Mechanistic Insights Into Post-Translational α-Keto-β-Amino Acid Formation by a Radical S-Adenosyl Methionine Peptide Splicease

Abstract

Radical S-adenosyl methionine enzymes catalyze a diverse repertoire of post-translational modifications in protein and peptide substrates. Among these, an exceptional and mechanistically obscure example is the installation of alpha-keto-beta-amino acid residues by formal excision of a tyrosine-derived tyramine unit. The responsible spliceases are key maturases in a widespread family of natural products termed spliceotides that comprise potent protease inhibitors, with the installed beta-residues being crucial for bioactivity.
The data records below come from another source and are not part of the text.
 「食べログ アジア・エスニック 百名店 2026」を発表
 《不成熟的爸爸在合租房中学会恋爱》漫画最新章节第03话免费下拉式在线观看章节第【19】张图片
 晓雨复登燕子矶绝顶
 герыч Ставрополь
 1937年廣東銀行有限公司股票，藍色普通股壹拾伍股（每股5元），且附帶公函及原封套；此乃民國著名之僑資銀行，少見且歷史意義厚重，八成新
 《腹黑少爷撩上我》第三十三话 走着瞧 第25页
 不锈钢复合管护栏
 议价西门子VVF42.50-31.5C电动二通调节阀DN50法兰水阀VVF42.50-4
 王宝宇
Here, we established the in vitro activity of the model splicease PcpXY to interrogate the mechanism of non-canonical protein splicing. Identification of shunt and coproducts, deuterium labeling studies, and density functional theory energy calculations of hypothesized intermediates support a mechanism involving hydrogen abstraction at tyrosine C alpha as the initial site of peptide radical formation and release of 4-hydroxybenzaldehyde as the tyrosine-derived coproduct. The data illuminate key features of this unprecedented radical-mediated biotransformation yielding ketoamide pharmacophores that are also present in peptidomimetic therapeutics.